(Data provided)
══════════════════════════════
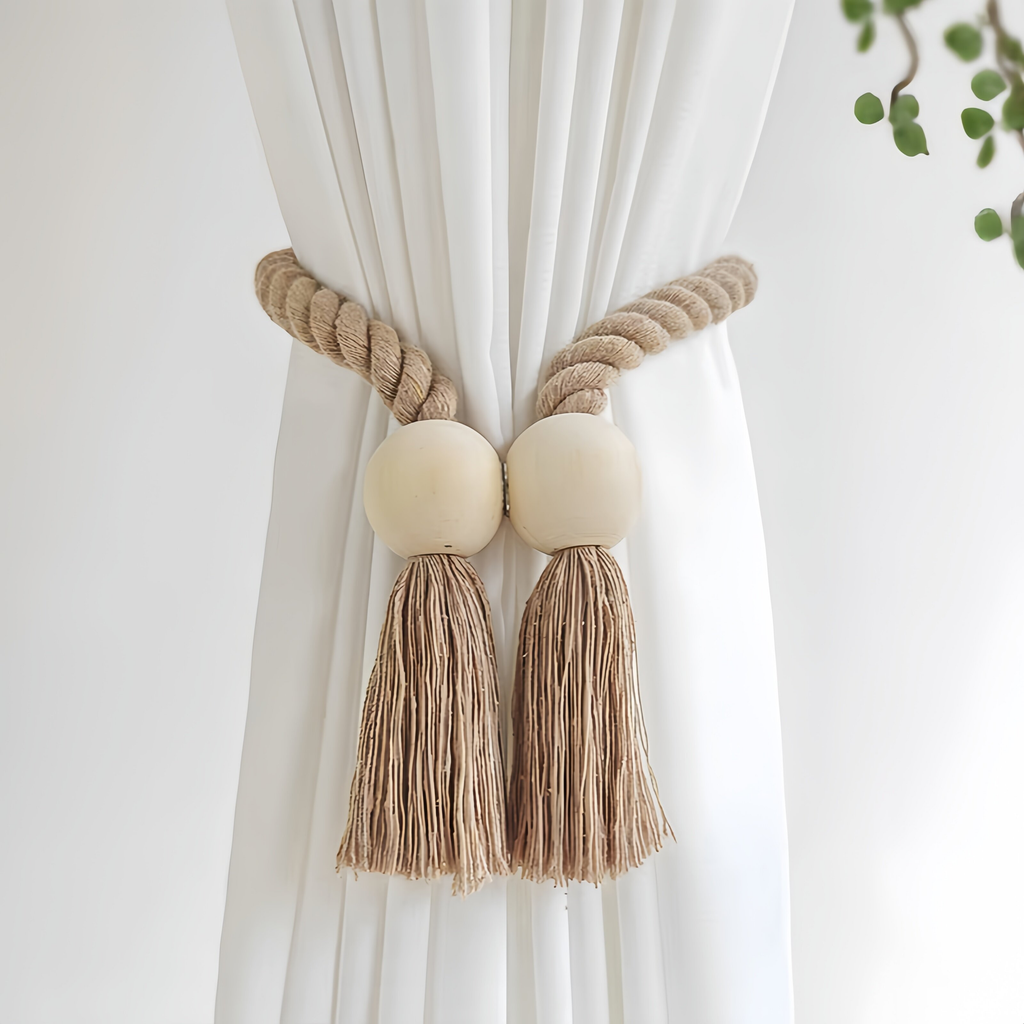 A bohemian-style curtain tieback featuring a thick braided jute rope, two round wooden beads, and matching tassels, shown tied around a white curtain.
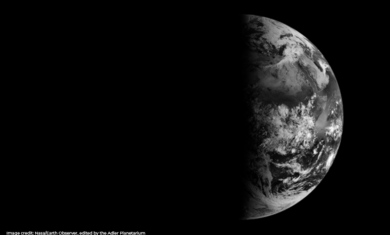 Black and white image of the Earth, as seen from space, on the spring equinox in 2013. Image Credit: Nasa/ Earth Observer, edited by the Adler Planetarium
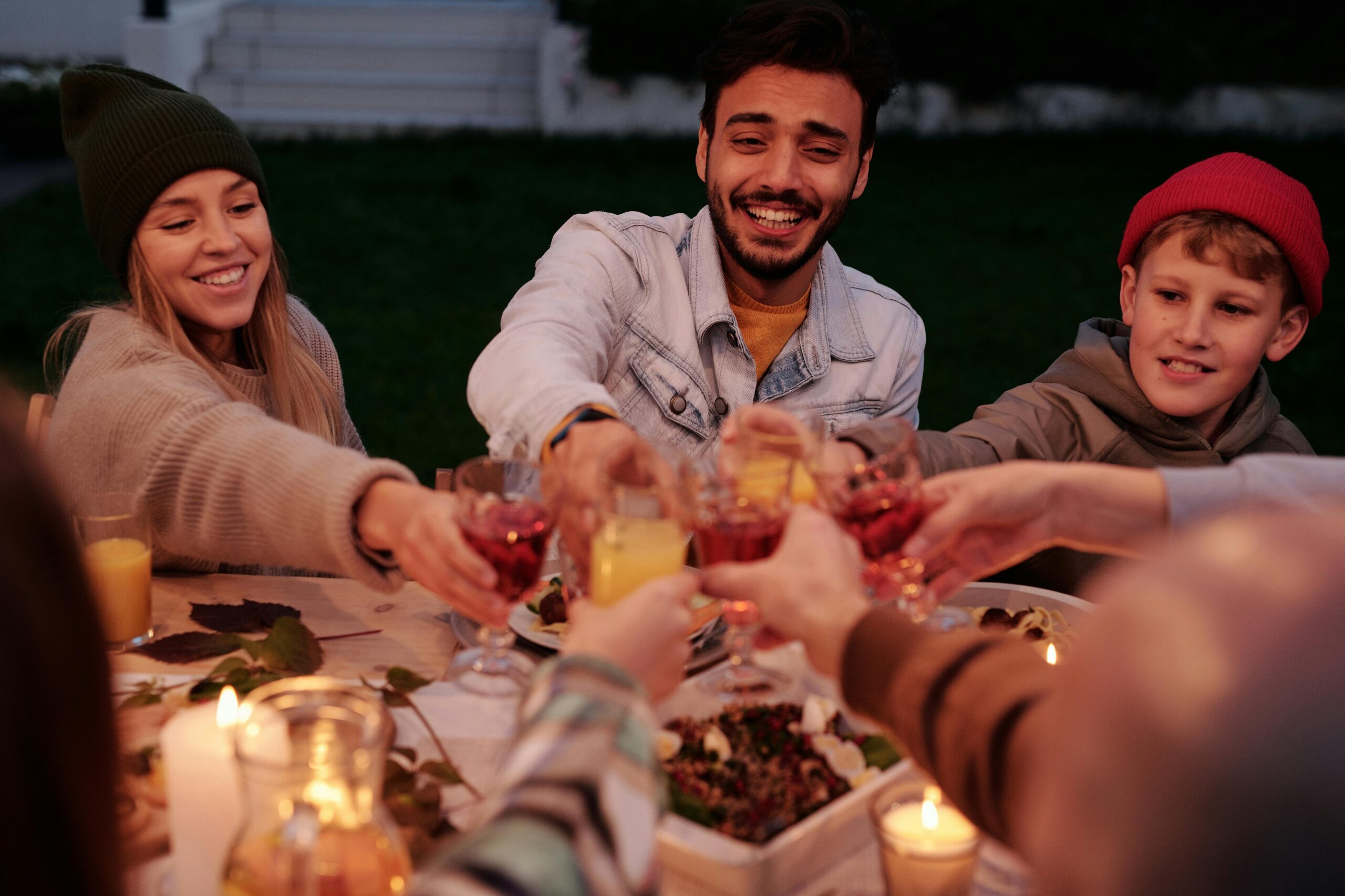 group of friends smiling and toasting after getting Invisalign and teeth whitening in Tigard, Oregon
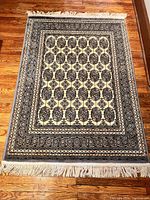 Full view of the rectangular wool rug laid flat on hardwood floor showing overall pattern and fringes at ends.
══════════════════════════════
(What the exercise asks) Word for word, restate the lines from the one containing "Black and white" through the end of the listing, and nothing more. Skip the pictures.

(Output for this task)
 Black and white image of the Earth, as seen from space, on the spring equinox in 2013. Image Credit: Nasa/ Earth Observer, edited by the Adler Planetarium
 group of friends smiling and toasting after getting Invisalign and teeth whitening in Tigard, Oregon
 Full view of the rectangular wool rug laid flat on hardwood floor showing overall pattern and fringes at ends.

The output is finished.